The cops don’t want to know whether I am sound of mind and body, have a criminal record or mix with my co-workers. They want a map of my office location and pictures of the staff, but don’t ask me to feature in them. In effect, they use me as a spy to check on my employer.
The innovation this year was presentation of a set of original documents belonging to the company for perusal. Is it legal, is it fair, to demand that collective documents be handled for personal use? What if I lost them in a taxi or it rained on ’em or the dog had a go at ’em? What’s wrong with certified copies by the ministries concerned?
When will all this last-century paperwork be scrapped in favour of electronic databases? I can’t remember seeing a single computer in those swanky, spacey premises where you have to go down one floor and walk hundreds of metres to make a photocopy.
As demanded, proof of payment of VAT by the company went back three months, October to December 2009. Ah, but it should have been November 2009 to January 2010, see. So, I was given a one-month extension (standard procedure) on the condition that the January VAT payment photocopied slip be faxed forthwith.

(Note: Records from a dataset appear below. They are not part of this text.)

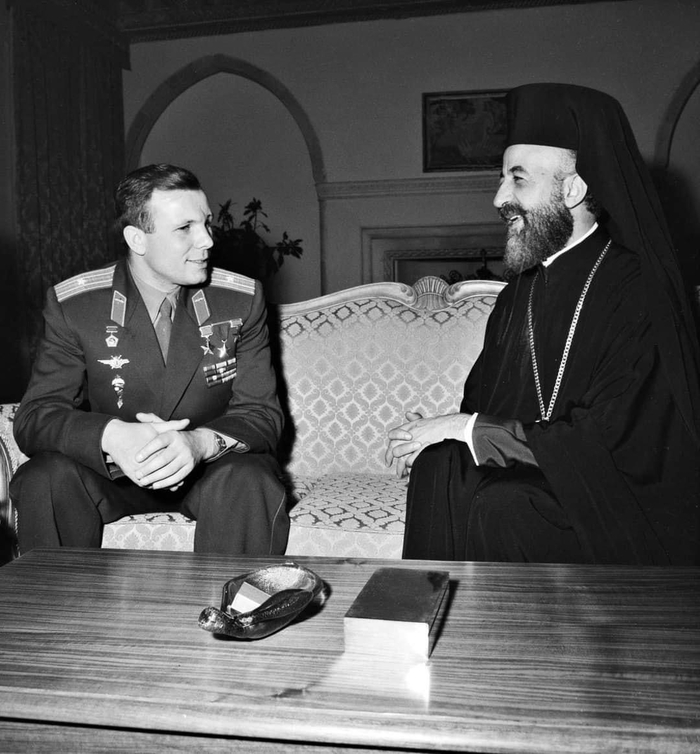 Юрий Гагарин и Президент Республики Кипр архиепископ Макариос III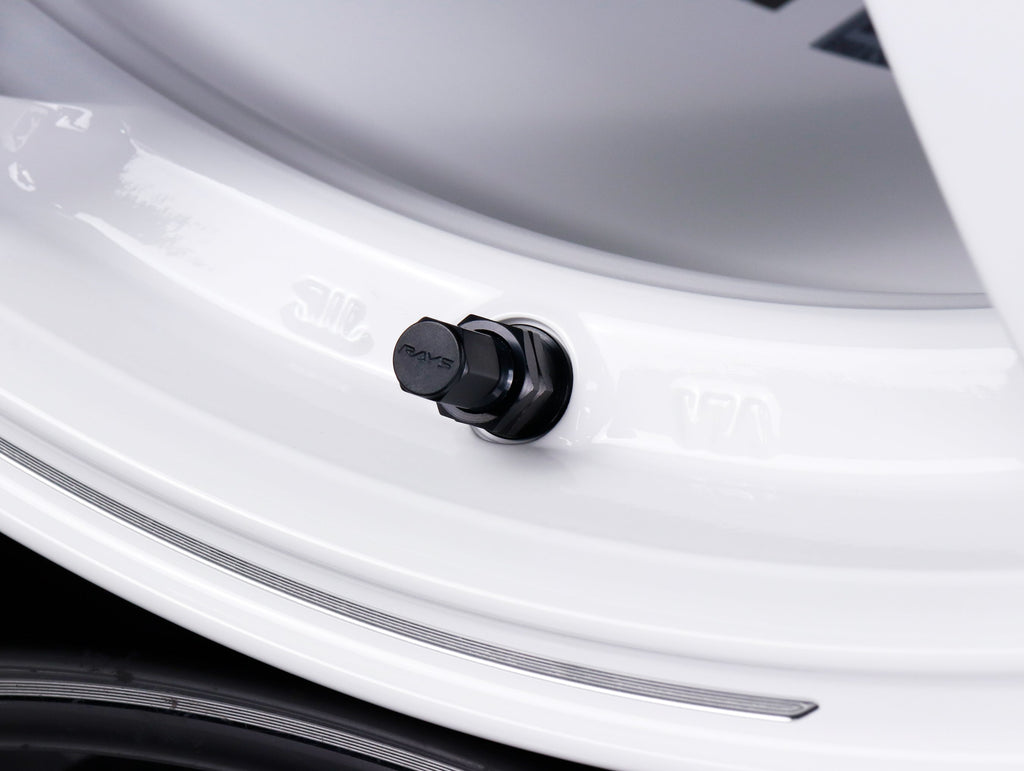 Volk Racing TE37 Saga S-Plus Time Attack Wheels - White/Redot / 18x9.5 / 5x114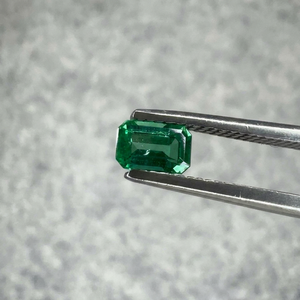 Émeraude Naturelle Zambienne 0,29 Ct Coupe Octogonale Dégradée Pierre Précieuse Verte pour Bague Sur Mesure, Pendentif et Bijoux Fins - Product Image 1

‘Oh, by the way, there’s a new regulation: you have to come here and report every ninety days. Don’t say I didn’t tell you about it,’ said Nai Aphichai as a parting shot with what looked like an uneasy smile. After thirty-two years of presence in the kingdom, being required to show my face across town every three months to make sure I am still around? How considerate!
At the Ministry of Labour, whose ground floor was as usual the playing and working and sleeping ground of sundry long-time demonstrators and where young women shot at you to take your face temperature before you went up the stairs, again the vagaries of number listing sent me face to face with a long-time acquaintance I greeted with ‘Happy New Year to you’. I called myself ‘Phom’ and called her ‘Khun’; she called herself ‘Noo’, out of deference for my age. The stack of documents was a third as thick as at Immigration, and was in order, except that, hey, your company’s address has changed! Well, in this case, I can’t process you; take that form at the counter and come back with a complementary set of documents (only twenty pages or so, including a copy of your employer’s ID card) before March 5, since your labour permit expires on that day.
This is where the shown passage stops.